Follow these steps to forecast data with the TimesFM model:

  1. In the Cloud de Confiance console, go to the BigQuery page.

    Go to BigQuery

  2. In the query editor, paste in the following query and click Run:

    SELECT *
    FROM
      AI.FORECAST(
        (
          SELECT TIMESTAMP_TRUNC(start_date, HOUR) as trip_hour, COUNT(*) as num_trips
    FROM `bigquery-public-data.san_francisco_bikeshare.bikeshare_trips`
    WHERE subscriber_type = 'Subscriber' AND start_date >= TIMESTAMP('2018-01-01')
    GROUP BY TIMESTAMP_TRUNC(start_date, HOUR)
        ),
        horizon => 720,
        confidence_level => 0.95,
        timestamp_col => 'trip_hour',
        data_col => 'num_trips');

    The results look similar to the following:

    +-------------------------+-------------------+------------------+---------------------------------+---------------------------------+--------------------+
    | forecast_timestamp      | forecast_value    | confidence_level | prediction_interval_lower_bound | prediction_interval_upper_bound | ai_forecast_status |
    +-------------------------+-------------------+------------------+---------------------------------+---------------------------------+--------------------+
    | 2018-05-01 00:00:00 UTC | 26.3045959...     |            0.95  | 21.7088378...                   | 30.9003540...                   |                    |
    +-------------------------+-------------------+------------------+---------------------------------+---------------------------------+--------------------+
    | 2018-05-01 01:00:00 UTC | 34.0890502...     |            0.95  | 2.47682913...                   | 65.7012714...                   |                    |
    +-------------------------+-------------------+------------------+---------------------------------+---------------------------------+--------------------+
    | 2018-05-01 02:00:00 UTC | 24.2154693...     |            0.95  | 2.87621605...                   | 45.5547226...                   |                    |
    +-------------------------+-------------------+------------------+---------------------------------+---------------------------------+--------------------+
    | ...                     | ...               |  ...             | ...                             |  ...                            |                    |
    +-------------------------+-------------------+------------------+---------------------------------+---------------------------------+--------------------+
    

Compare the forecasted data to the input data

Chart the AI.FORECAST function output alongside a subset of the function input data to see how they compare.

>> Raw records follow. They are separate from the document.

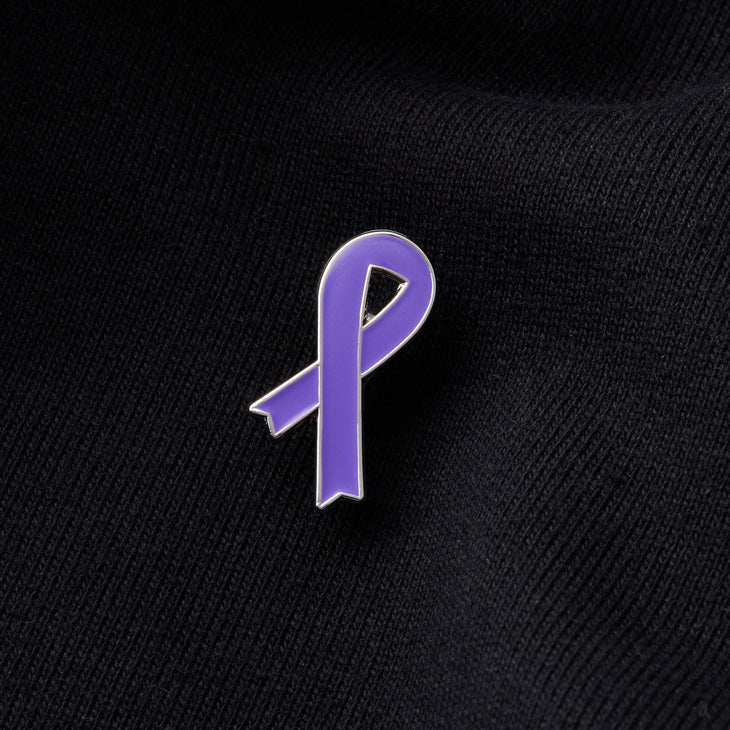 Purple ribbon pin badge - plain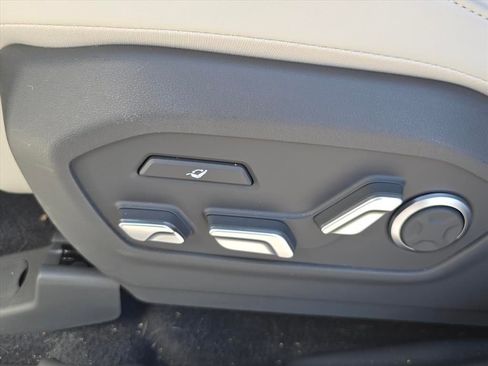 Used 2025 Hyundai Santa Fe Calligraphy image 13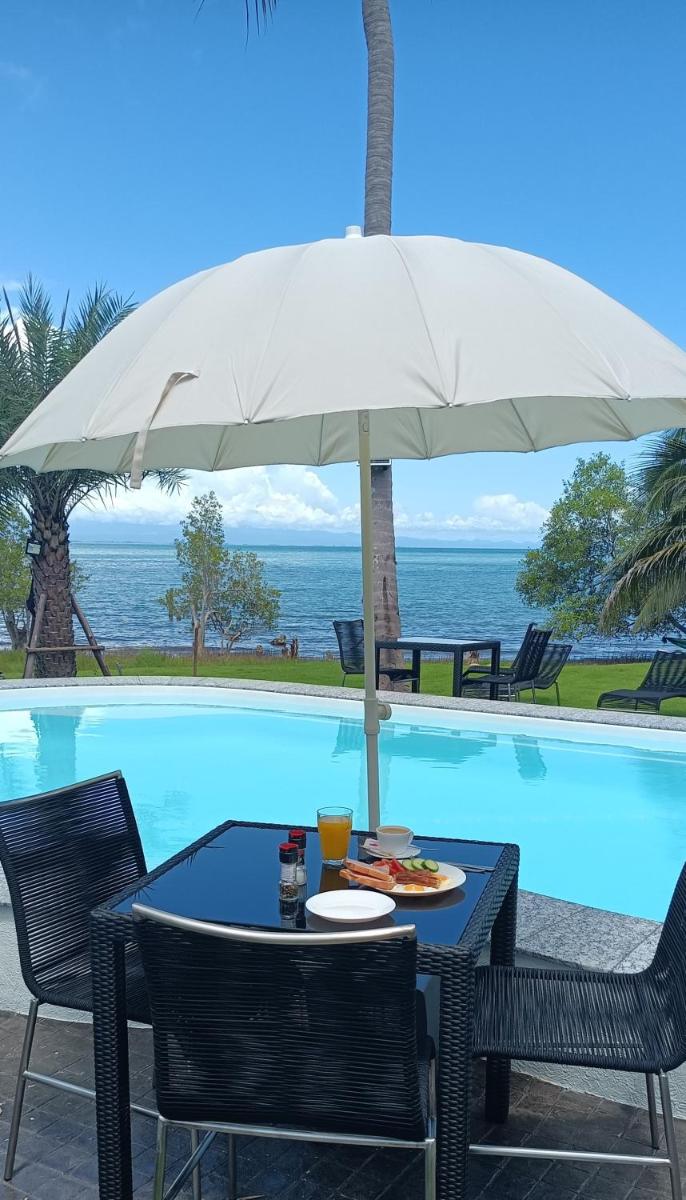 Beachfront Pool Villa and Apartment - Housity
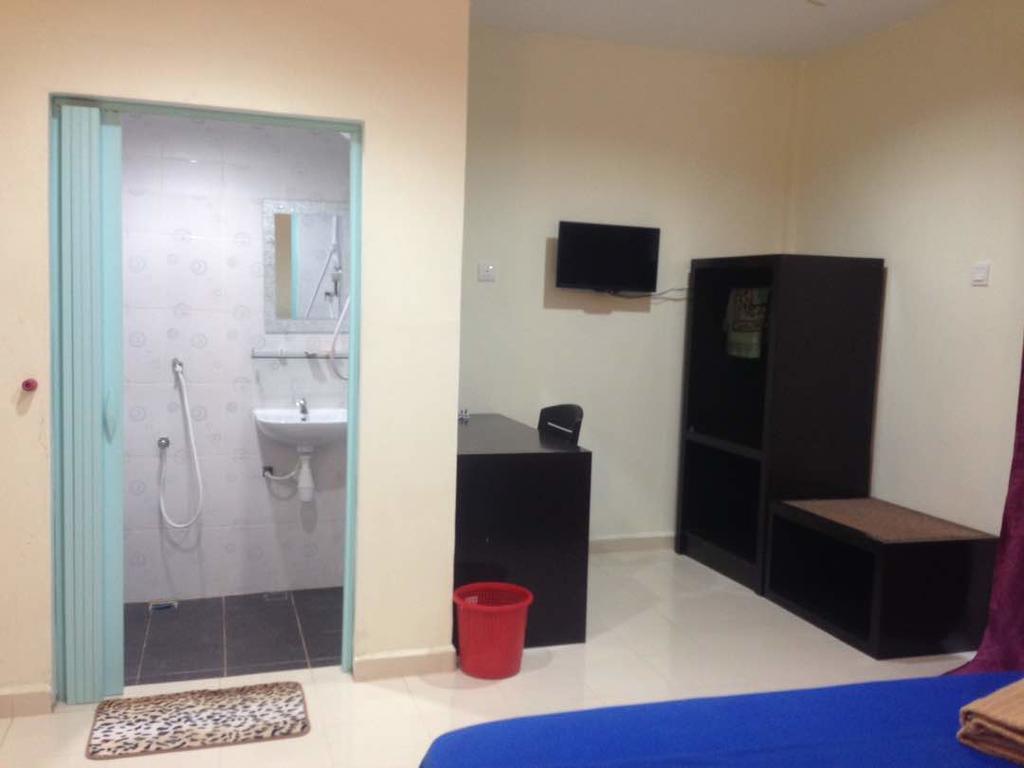 Huda Inn Pantai Cenang  Buitenkant foto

Follow these steps to chart the function output:

  1. In the Cloud de Confiance console, go to the BigQuery page.

    Go to BigQuery

  2. In the query editor, paste in the following query and click Run:

    WITH historical AS (
    SELECT TIMESTAMP_TRUNC(start_date, HOUR) as trip_hour, COUNT(*) as num_trips
    FROM `bigquery-public-data.san_francisco_bikeshare.bikeshare_trips`
    WHERE subscriber_type = 'Subscriber' AND start_date >= TIMESTAMP('2018-01-01')
    GROUP BY TIMESTAMP_TRUNC(start_date, HOUR)
    ORDER BY TIMESTAMP_TRUNC(start_date, HOUR)
    )
    SELECT * 
    FROM 
    (
    (SELECT
        trip_hour as date,
        num_trips AS historical_value,
        NULL as forecast_value,
        'historical' as type,
        NULL as prediction_interval_lower_bound,
        NULL as prediction_interval_upper_bound
    FROM
        historical
    ORDER BY historical.trip_hour DESC
    LIMIT 400)
    UNION ALL
    (SELECT forecast_timestamp AS date,
            NULL as historical_value,
            forecast_value as forecast_value,
            'forecast' as type,
            prediction_interval_lower_bound,
            prediction_interval_upper_bound
    FROM
        AI.FORECAST(
        (
        SELECT * FROM historical
        ),
        horizon => 720,
        confidence_level => 0.99,
        timestamp_col => 'trip_hour',
        data_col => 'num_trips')))
    ORDER BY date asc;
  3. When the query is finished running, click the Visualization tab in the Query results pane. The resulting chart looks similar to the following:

    Graph 100 time points of input data along with the AI.FORECAST function output data to evaluate their similarity.

    You can see that the input data and the forecasted data show similar bike share usage. You can also see that the prediction interval lower and upper bounds increase as the forecasted time points get further into the future.

Forecast multiple bike share trips time series

The following query forecasts the number of bike share trips per subscriber type and per hour for the next month (approximately 720 hours), based on the previous four months of historical data. The confidence_level argument indicates that the query generates a prediction interval with a 95% confidence level.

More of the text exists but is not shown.